Content starts

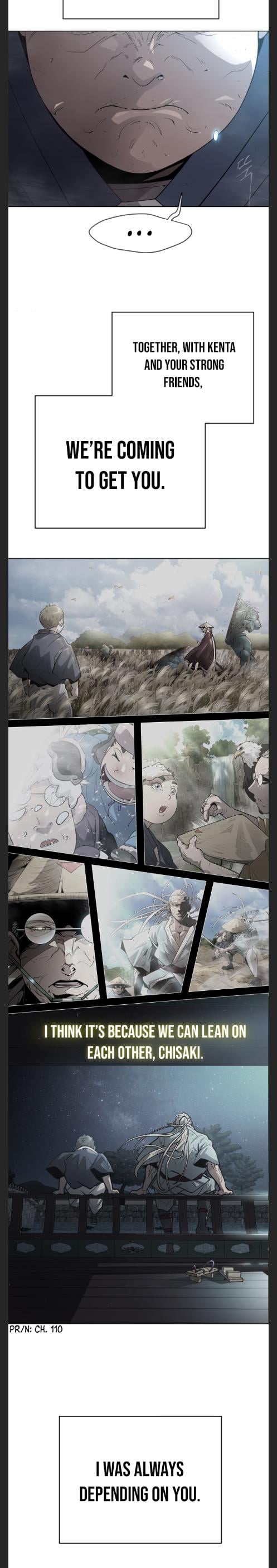 Superhuman Era chapter 122 - page 2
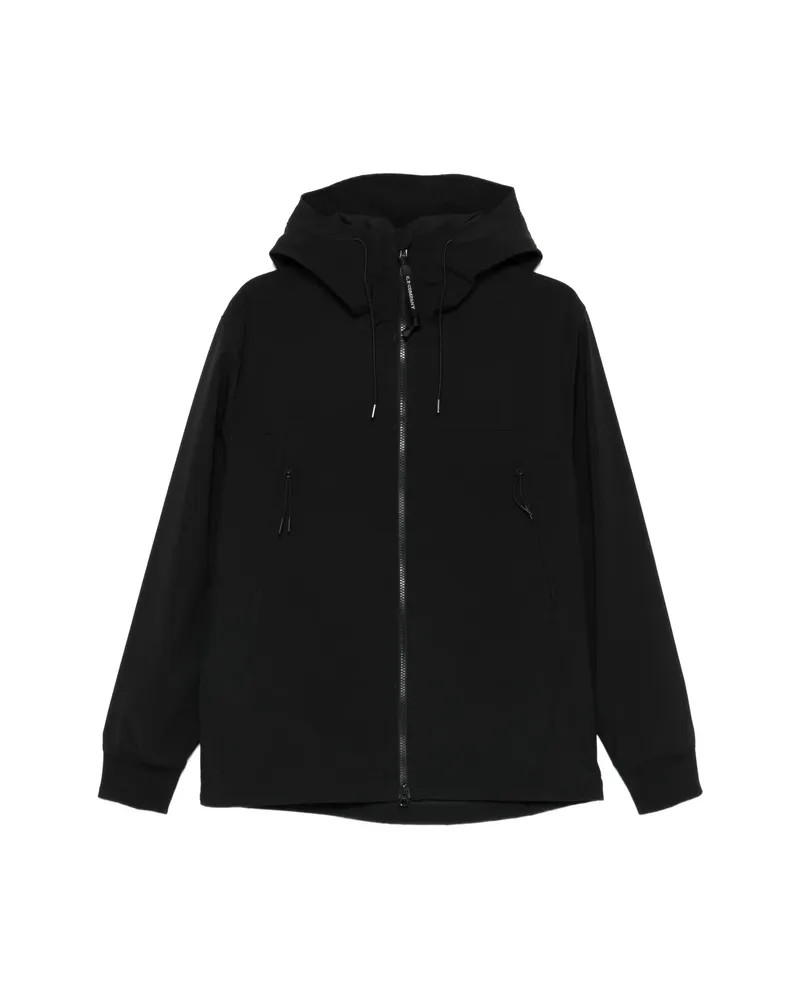 C.P. Company C. p. Company Shell-R Jacket Black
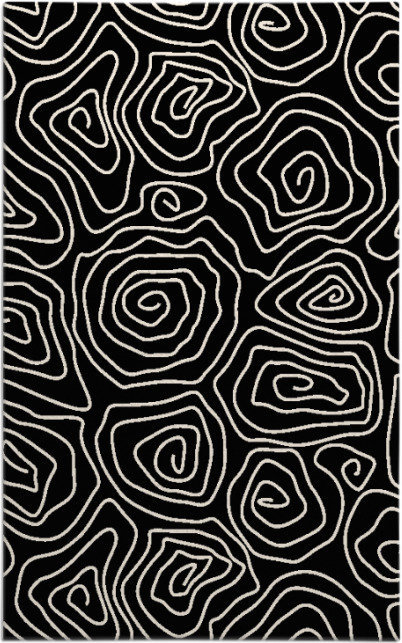 contours rug - item 280725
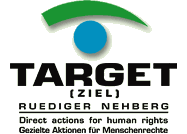 TARGET Logo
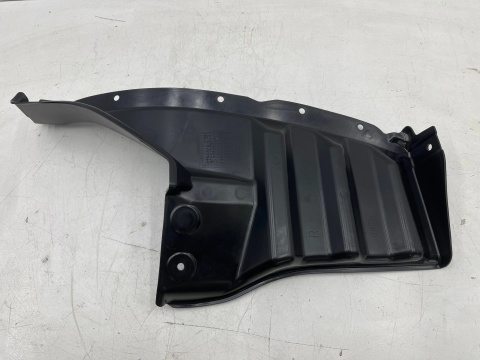 Nadkole Mitsubishi ASX I 10-19r. NOWE prawe tylne ORYGINALNE osłona zderzaka prawy tył 5370a758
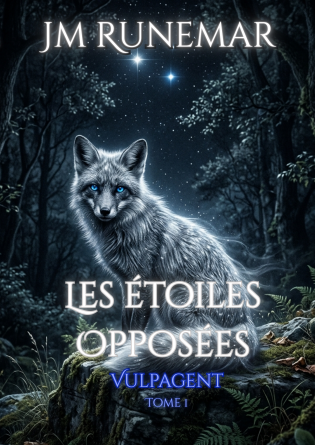 LES ETOILES OPPOSEES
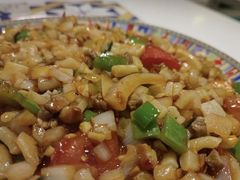 -阿拉丁新疆风味餐厅·清真(罗廊巷店)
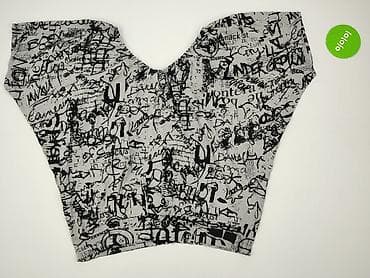 marka monkl: Bluzka damska, rozmiar One size — 3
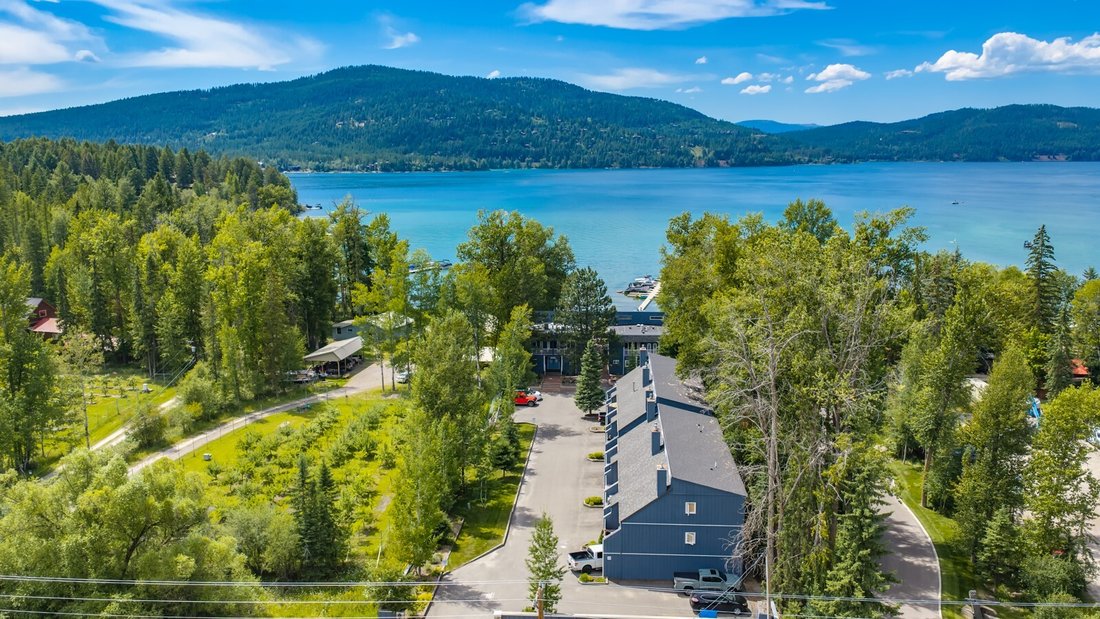 Condo in Whitefish, Montana, United States 5 - 18443882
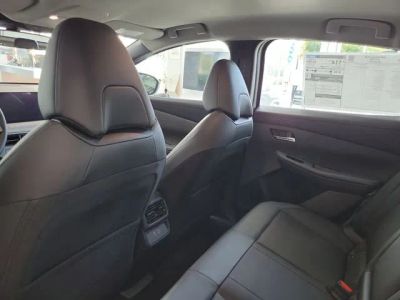 2026 Nissan Leaf — photo 23 view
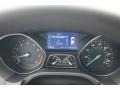 Charcoal Black Gauges Photo for 2013 Ford Focus #72222665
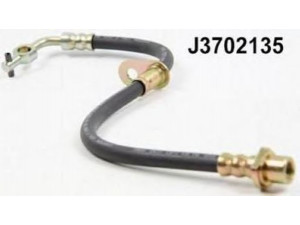 NIPPARTS J3702135 stabdžių žarnelė 
 Stabdžių sistema -> Stabdžių žarnelės
90947-02A21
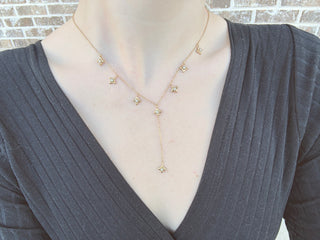 Kaylie Necklace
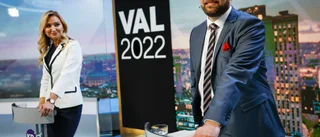 Usch för Ebba Busch och Jimmie Åkesson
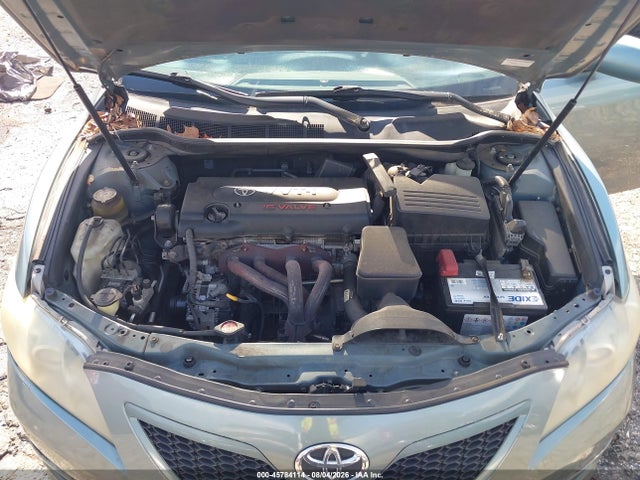 2007 Toyota CAMRY SE 照片 10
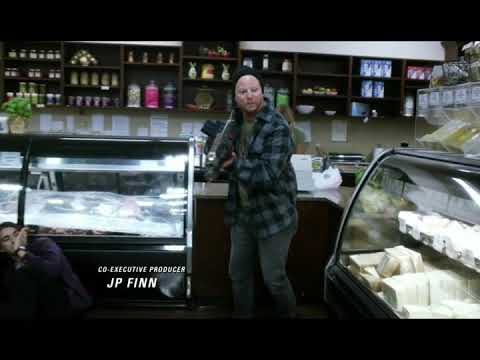 The Flash 5x03 | Ralph Saves People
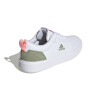 Championes Adidas Park St de Mujer - IG6846 Blanco-rosado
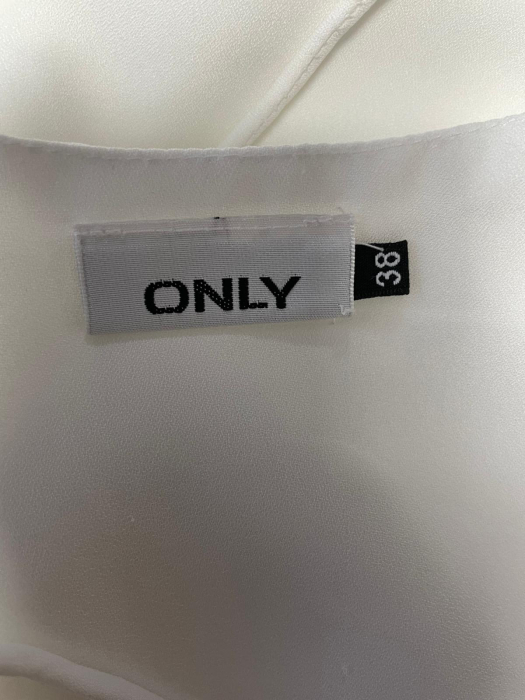Only maiou                          M [3]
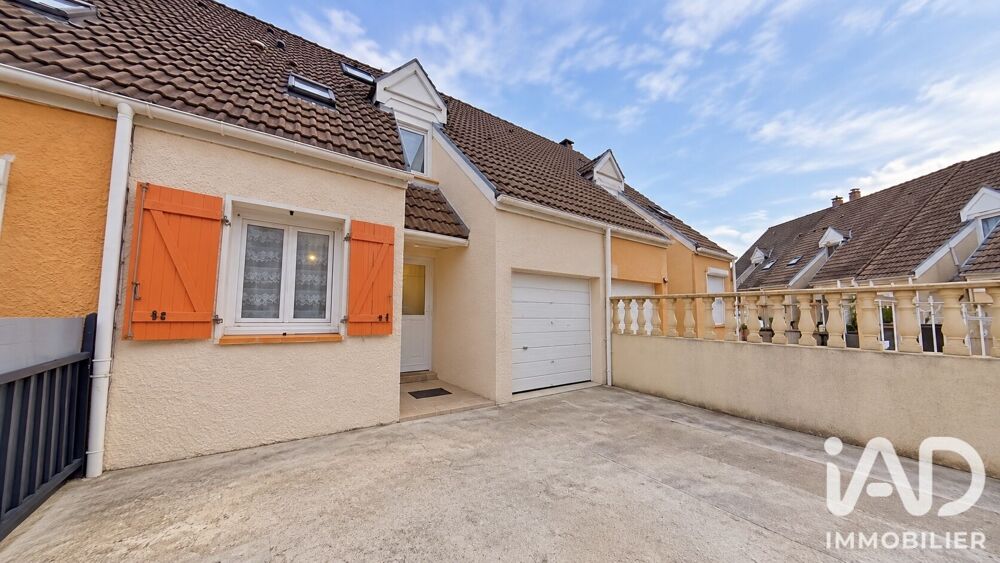 Location Maison Location Maison/villa 5 pièces Le mée-sur-seine
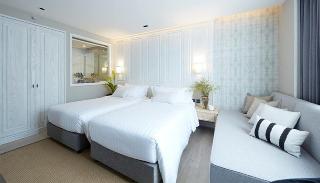 Health Land Resort & Spa fotoÄŸrafÄ±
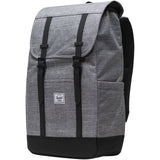 Zaino per portatile Herschel Retreat™ recycled - 23L personalizzato con logo - Pubblienne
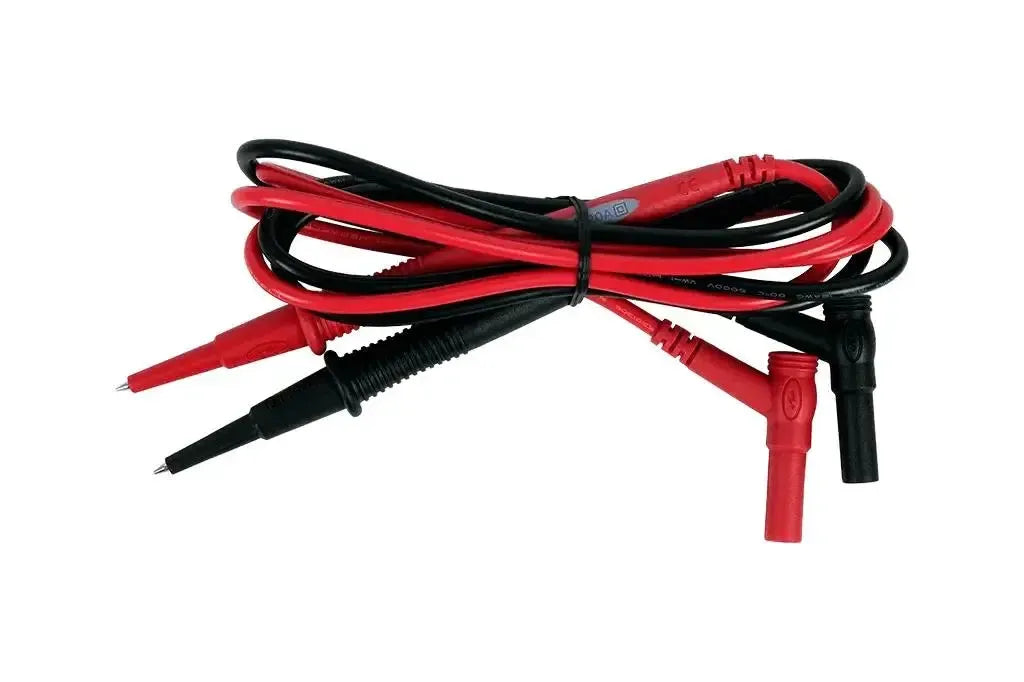 Jaltest Test Cable Set Multimeter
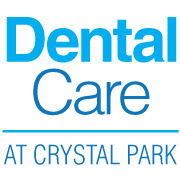 Dental Care at Crystal Park Logo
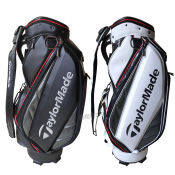 Golf Bag New High-grade Ultra-light Pu Material Waterproof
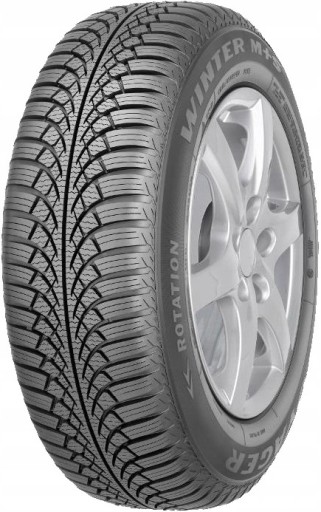 2x Voyager WINTER 215/50 R17 95V 2021 р.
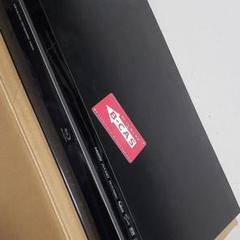 東芝 ブルーレイレコーダー D-B305K 難あり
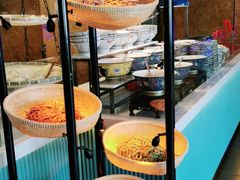 -怡咖啡·自助餐·西安香格里拉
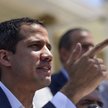 Guaido: Wenezuela już naprawdę upadła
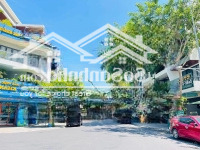 Bán Nhà 3 Tầng Ngang 5.6M Mặt Tiền Bạch Đằng - Nha Trang - Vị Trí Siêu Vip
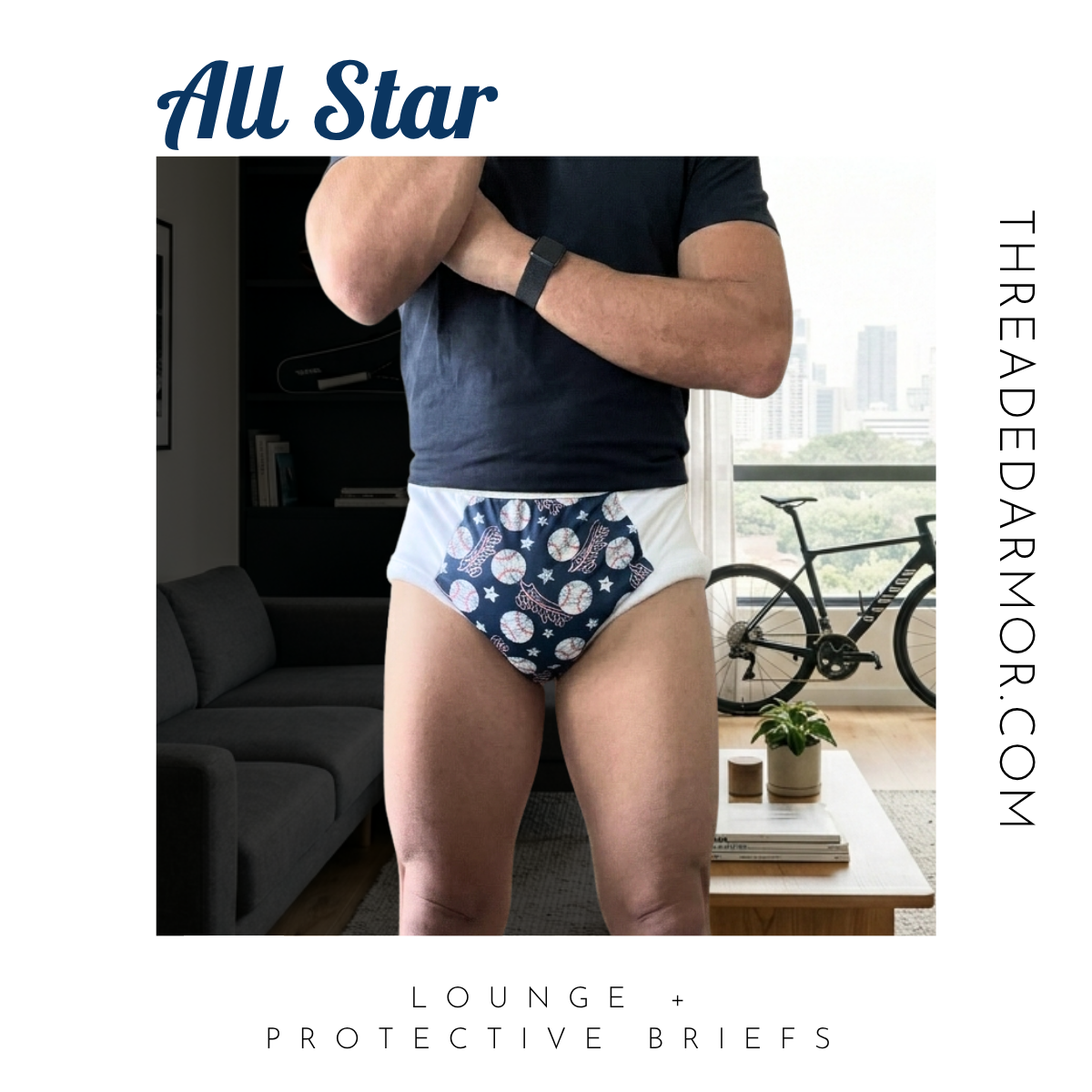 Limited Release: All Star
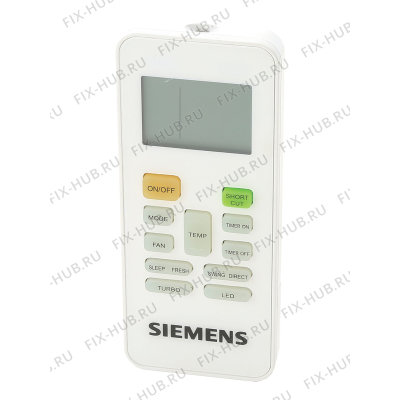 Пульт дистанционного управления для кондиционера Siemens 12008804 в гипермаркете Fix-Hub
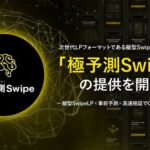 サイバーエース、AIとスワイプ型LPを組み合わせた次世代LP運用サービス「極予測Swipe」を提供開始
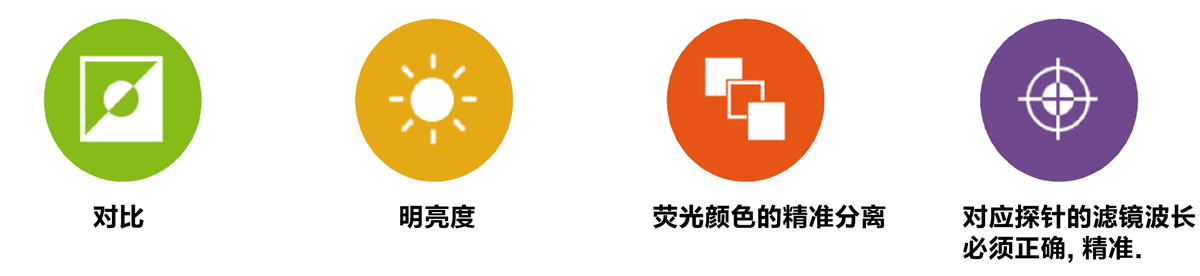 FISH配件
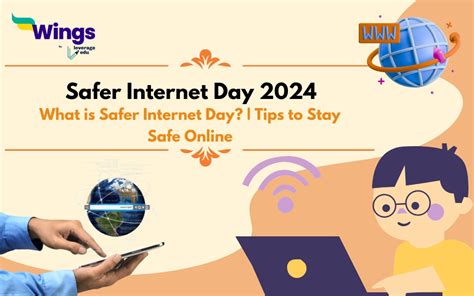 Safer Internet Day 2024 What Is Safer Internet Day Tips To Stay Safe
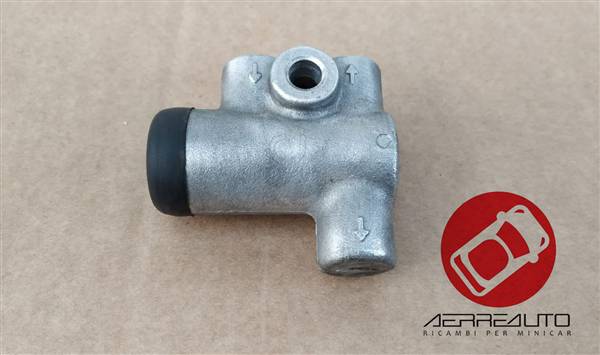 BAF18-0007389 REGOLATORE DI FRENATA GRECAV SONIQUE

Content ends

** Work instructions **
Transcribe exactly, and only, the lines from the one containing "Usch för Ebba Busch och Jimmie Åkesson" through the last line of the records above, both included; leave out the pictures.

** Answer to this task **
 Usch för Ebba Busch och Jimmie Åkesson
 2007 Toyota CAMRY SE 照片 10
 The Flash 5x03 | Ralph Saves People
 Championes Adidas Park St de Mujer - IG6846 Blanco-rosado
Only maiou                          M [3]
 Location Maison Location Maison/villa 5 pièces Le mée-sur-seine
 Health Land Resort & Spa fotoÄŸrafÄ±
 Zaino per portatile Herschel Retreat™ recycled - 23L personalizzato con logo - Pubblienne
 Jaltest Test Cable Set Multimeter
 Dental Care at Crystal Park Logo
 Golf Bag New High-grade Ultra-light Pu Material Waterproof
 2x Voyager WINTER 215/50 R17 95V 2021 р.
 東芝 ブルーレイレコーダー D-B305K 難あり
 -怡咖啡·自助餐·西安香格里拉
 Guaido: Wenezuela już naprawdę upadła
 Bán Nhà 3 Tầng Ngang 5.6M Mặt Tiền Bạch Đằng - Nha Trang - Vị Trí Siêu Vip
 Limited Release: All Star
 Пульт дистанционного управления для кондиционера Siemens 12008804 в гипермаркете Fix-Hub
 サイバーエース、AIとスワイプ型LPを組み合わせた次世代LP運用サービス「極予測Swipe」を提供開始
 FISH配件
 Safer Internet Day 2024 What Is Safer Internet Day Tips To Stay Safe
 BAF18-0007389 REGOLATORE DI FRENATA GRECAV SONIQUE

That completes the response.